Threat Models for Differential Privacy

differential privacy blog series banner — Credit: metamorworks/shutterstock.com

This post is part of a series on differential privacy. Learn more and browse all the posts published to date on the differential privacy blog series page in NIST’s Privacy Engineering Collaboration Space.

It's not so simple to deploy a practical system that satisfies differential privacy. Our example in the last post was a simple Python program that adds Laplace noise to a function computed over the sensitive data. For this to work in practice, we'd need to collect all of the sensitive data on one server to run our program.

What if that server gets hacked? Differential privacy provides no protection in this case—it only protects the output of our program!

When deploying differentially private systems, it's important to consider the threat model—that is, what kind of adversaries we want the system to protect against. If the threat model includes adversaries who might compromise the server holding the sensitive data, then we need to modify the system to protect against this kind of attack.
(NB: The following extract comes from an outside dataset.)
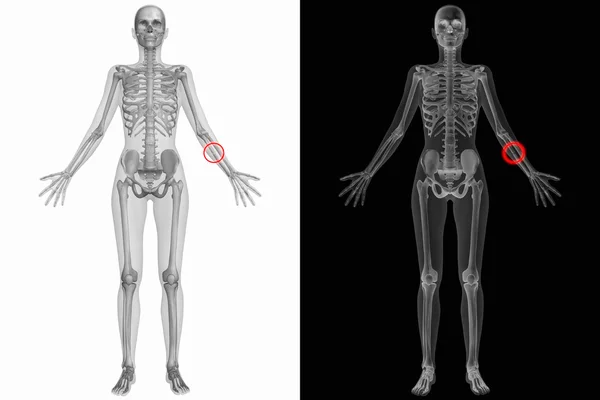 Människans anatomi med brutet ben — Stockfoto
The design of systems for differential privacy thus needs to consider both privacy and security. As described in our last post, privacy refers to controlling what can be inferred from a data release. We can think of security as an orthogonal issue: security mechanisms control who is allowed to access a piece of data, but make no guarantees about what can be learned from that data.

Central Differential Privacy

The most commonly-used threat model in differential privacy research is called the central model of differential privacy (or simply, "central differential privacy").

The key component of the central model is a trusted data curator. Each individual submits their sensitive data to the data curator, who stores all of the data in a central location (i.e. on a single server). The data curator is trusted: we assume they will not look at the sensitive data directly, will not share it with anyone, and cannot be compromised by any other adversary. In other words, with this model we assume that the server holding the sensitive data cannot be hacked.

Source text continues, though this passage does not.